Macri rischia così di restare
intrappolato in una manovra di aggiramento costretto da una parte a fare i
conti con la finanza estera, dall'altra col malcontento popolare che torna a
farsi sentire e braccio di ferro con i sindacati che chiedono aumenti per
mantenere gli stipendi al passo con l'inflazione pero aumentando il costo
produttivo argentino e facendolo meno concorrente in riguardo ad altri paesi
della regione.
Un panorama davvero dantesco cui
risoluzione dipenderà solo dalla guida di Macri ed il comportamento della sua
squadra.
Pare che i gli ultimi cambiamenti,
soprattutto quello della banca centrale, oggi sotto la guida di Nicolas Caputo,
stiano dando risultati mettendo il dollaro sotto un certo controllo.

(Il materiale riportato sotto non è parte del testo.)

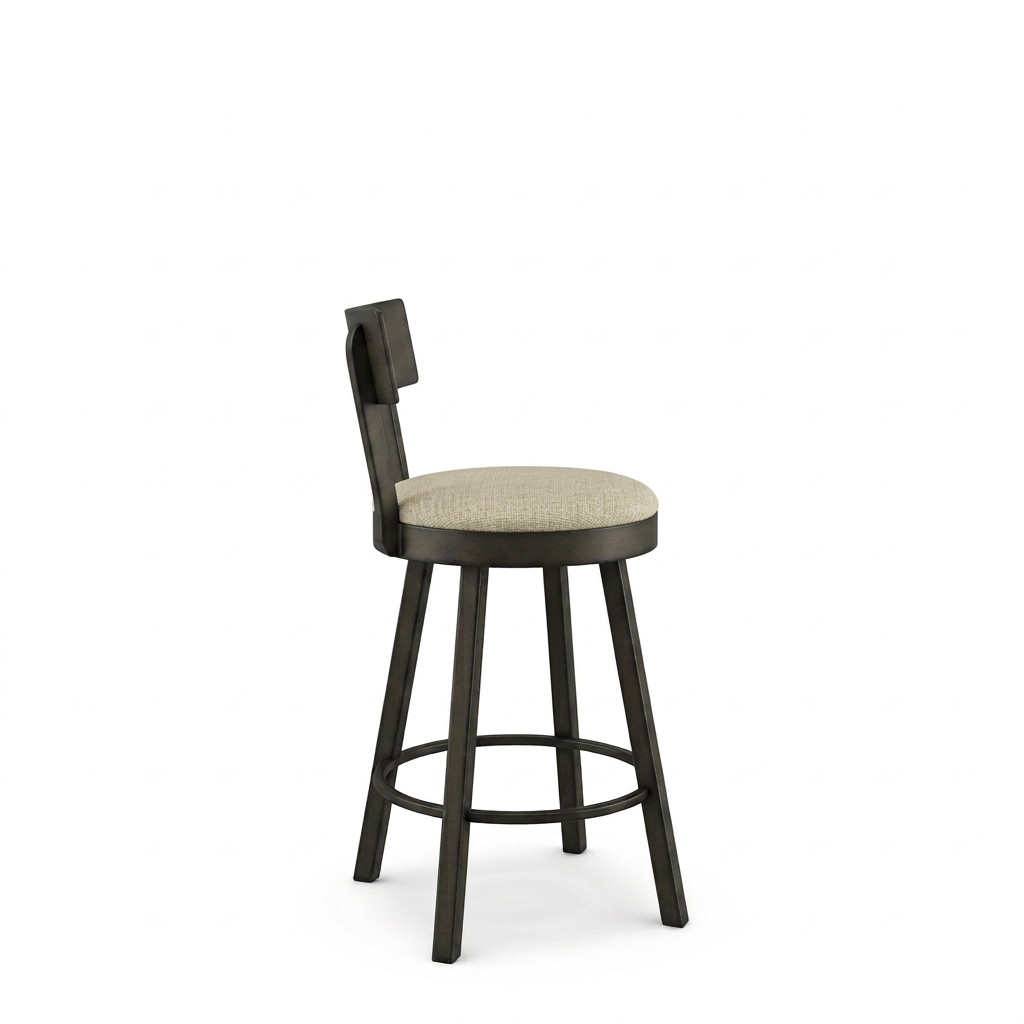 Lauren stool2.png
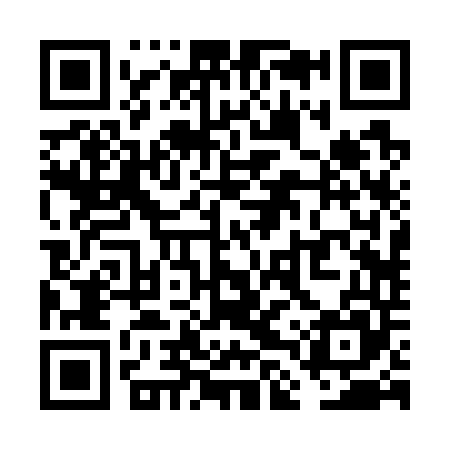 QR code for VLR745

Ma le scosse non sono ancora finite.
Il secondo semestre dell’anno vedrà
una pronunciata recessione economica e i ritagli fiscali saranno all’ordine del
giorno e a tutto livello.
Dopo una caduta strepitosa del PIL nel
2018, si aspetta nel 2019 una crescita di 1,5 punti del PIL ed una inflazione
dell’ordine del 17%.
Questi duri cambiamenti, compiuti senza esitare dal
governo, sono visti dall’opposizione populista come una debolezza ma anche come
una minaccia.
Certo che se il piano di Macri -con il supporto del
Fondo Monetario Internazionale- avesse successo, poterebbe portarlo senza sosta
alla rielezione nel 2019.
Altrimenti tutto può finire come “L’ora legale”.